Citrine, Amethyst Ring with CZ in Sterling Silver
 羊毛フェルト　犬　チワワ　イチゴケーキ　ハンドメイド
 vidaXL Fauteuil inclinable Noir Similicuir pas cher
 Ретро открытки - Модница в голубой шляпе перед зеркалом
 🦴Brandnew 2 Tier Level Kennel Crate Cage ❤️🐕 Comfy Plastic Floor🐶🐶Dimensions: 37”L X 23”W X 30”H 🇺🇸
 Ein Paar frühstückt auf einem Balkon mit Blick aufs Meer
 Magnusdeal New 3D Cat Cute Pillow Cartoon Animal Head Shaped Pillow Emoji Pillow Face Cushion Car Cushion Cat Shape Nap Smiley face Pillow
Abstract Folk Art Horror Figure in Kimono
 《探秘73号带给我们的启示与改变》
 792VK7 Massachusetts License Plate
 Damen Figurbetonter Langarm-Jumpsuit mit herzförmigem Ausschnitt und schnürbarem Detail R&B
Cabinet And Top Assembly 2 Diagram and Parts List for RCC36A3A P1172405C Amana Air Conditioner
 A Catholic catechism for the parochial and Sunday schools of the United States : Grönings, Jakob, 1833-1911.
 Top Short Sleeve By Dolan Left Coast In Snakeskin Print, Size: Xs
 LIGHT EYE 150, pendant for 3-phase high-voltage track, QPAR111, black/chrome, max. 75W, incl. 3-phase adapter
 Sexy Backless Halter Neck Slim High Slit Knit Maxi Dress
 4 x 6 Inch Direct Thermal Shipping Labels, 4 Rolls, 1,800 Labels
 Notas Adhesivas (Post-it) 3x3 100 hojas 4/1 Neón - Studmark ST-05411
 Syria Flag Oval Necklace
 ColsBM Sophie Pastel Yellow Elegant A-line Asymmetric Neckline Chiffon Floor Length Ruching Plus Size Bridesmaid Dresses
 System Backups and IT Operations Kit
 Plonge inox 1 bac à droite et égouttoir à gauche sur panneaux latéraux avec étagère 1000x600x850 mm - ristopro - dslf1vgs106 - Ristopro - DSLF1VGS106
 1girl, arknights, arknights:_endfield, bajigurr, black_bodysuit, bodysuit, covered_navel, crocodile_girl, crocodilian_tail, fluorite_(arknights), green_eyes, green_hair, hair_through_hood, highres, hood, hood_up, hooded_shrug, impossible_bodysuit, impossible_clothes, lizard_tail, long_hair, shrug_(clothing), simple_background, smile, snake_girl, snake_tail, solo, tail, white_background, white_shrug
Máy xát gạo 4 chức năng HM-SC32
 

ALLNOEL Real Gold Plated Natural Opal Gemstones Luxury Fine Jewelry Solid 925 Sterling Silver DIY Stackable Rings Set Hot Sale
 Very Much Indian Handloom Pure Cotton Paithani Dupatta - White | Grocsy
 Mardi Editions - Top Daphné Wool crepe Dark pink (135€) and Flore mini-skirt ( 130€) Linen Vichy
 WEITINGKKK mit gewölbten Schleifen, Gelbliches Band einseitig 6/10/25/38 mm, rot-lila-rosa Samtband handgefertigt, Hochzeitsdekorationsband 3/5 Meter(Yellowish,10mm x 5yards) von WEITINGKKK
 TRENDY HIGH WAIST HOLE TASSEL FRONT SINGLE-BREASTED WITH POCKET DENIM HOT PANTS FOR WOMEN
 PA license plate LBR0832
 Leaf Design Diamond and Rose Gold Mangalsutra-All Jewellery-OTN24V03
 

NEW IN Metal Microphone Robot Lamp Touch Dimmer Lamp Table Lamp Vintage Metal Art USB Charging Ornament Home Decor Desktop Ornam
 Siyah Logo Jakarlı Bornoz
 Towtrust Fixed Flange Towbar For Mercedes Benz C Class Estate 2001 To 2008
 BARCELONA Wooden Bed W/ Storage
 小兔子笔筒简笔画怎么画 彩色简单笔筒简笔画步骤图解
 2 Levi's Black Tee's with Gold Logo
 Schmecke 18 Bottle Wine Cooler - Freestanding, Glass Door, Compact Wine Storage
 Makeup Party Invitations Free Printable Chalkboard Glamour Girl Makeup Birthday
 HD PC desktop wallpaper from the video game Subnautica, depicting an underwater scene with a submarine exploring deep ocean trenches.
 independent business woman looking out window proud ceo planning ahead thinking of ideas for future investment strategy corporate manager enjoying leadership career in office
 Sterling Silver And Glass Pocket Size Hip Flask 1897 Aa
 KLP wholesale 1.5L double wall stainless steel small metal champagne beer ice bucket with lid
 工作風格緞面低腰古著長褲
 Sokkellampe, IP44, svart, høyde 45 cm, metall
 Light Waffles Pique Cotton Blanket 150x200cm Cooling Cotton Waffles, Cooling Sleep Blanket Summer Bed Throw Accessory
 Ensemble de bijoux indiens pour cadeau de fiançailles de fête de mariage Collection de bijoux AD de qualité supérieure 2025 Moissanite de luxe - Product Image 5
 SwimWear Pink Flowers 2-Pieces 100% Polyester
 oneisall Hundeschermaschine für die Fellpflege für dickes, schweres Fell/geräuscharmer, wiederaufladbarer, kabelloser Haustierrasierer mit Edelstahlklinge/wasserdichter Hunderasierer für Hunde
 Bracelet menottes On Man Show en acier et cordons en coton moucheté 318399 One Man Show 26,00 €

### What needs to be done:
Every line above from the line with "Makeup Party Invitations" to the line with "HD PC desktop" is wanted, ends included; write them out exactly and add no other line.

### Response to this task:
 Makeup Party Invitations Free Printable Chalkboard Glamour Girl Makeup Birthday
 HD PC desktop wallpaper from the video game Subnautica, depicting an underwater scene with a submarine exploring deep ocean trenches.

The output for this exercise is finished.